▶ **WHAT THIS TASK INVOLVES**
With pictures left out, set down exactly the lines that begin at the one containing "Kagamine Rin &" and end with the last line of the entries below.

▶ **RECORD SET**
******************************

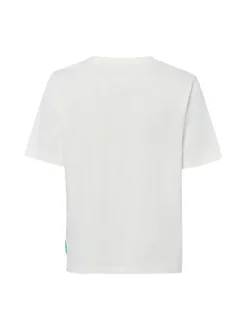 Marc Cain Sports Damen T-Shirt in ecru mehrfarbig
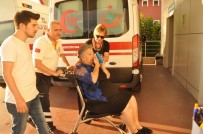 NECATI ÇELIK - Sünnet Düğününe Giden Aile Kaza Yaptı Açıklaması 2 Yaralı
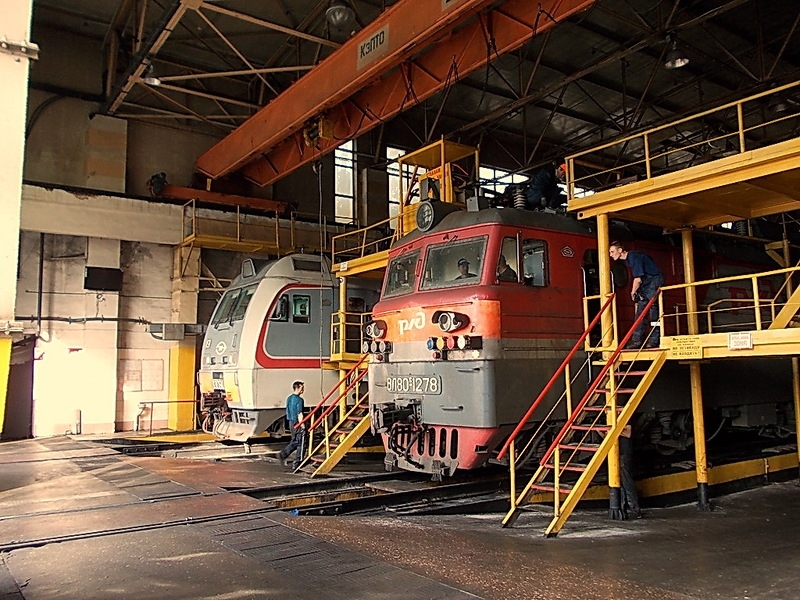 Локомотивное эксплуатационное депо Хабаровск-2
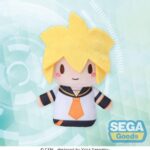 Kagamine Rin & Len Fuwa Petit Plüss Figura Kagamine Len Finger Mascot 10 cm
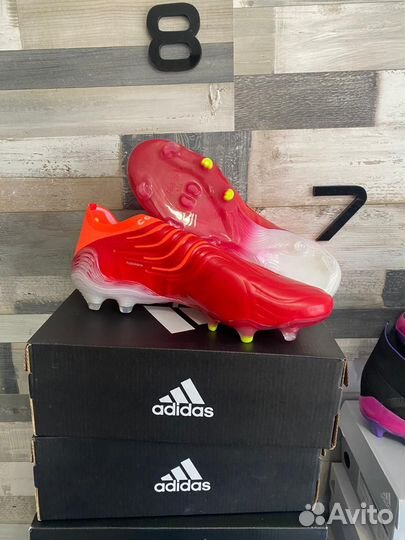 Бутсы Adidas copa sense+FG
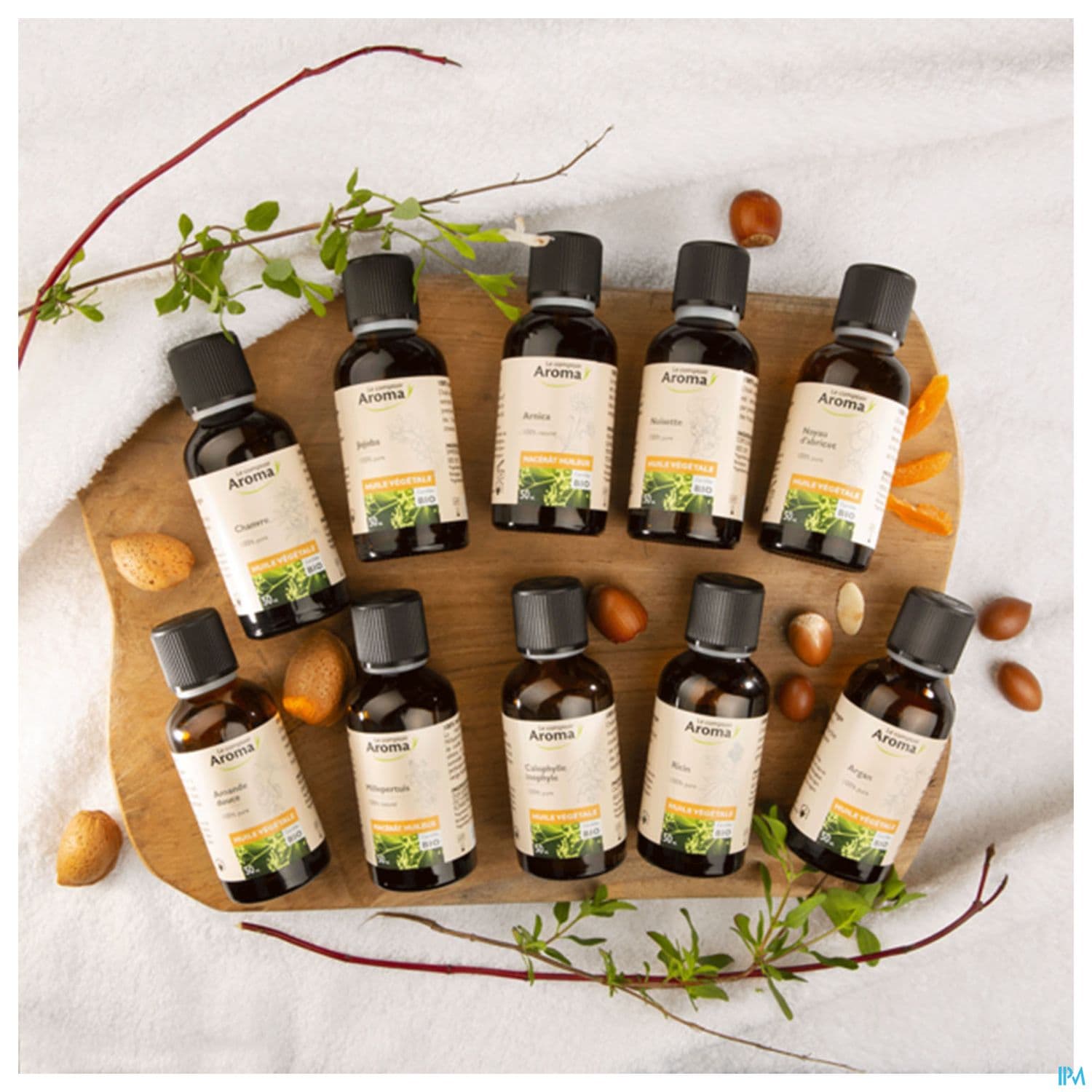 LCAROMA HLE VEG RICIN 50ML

******************************

▶ **SOLUTION TO THE EXERCISE**
 Kagamine Rin & Len Fuwa Petit Plüss Figura Kagamine Len Finger Mascot 10 cm
 Бутсы Adidas copa sense+FG
 LCAROMA HLE VEG RICIN 50ML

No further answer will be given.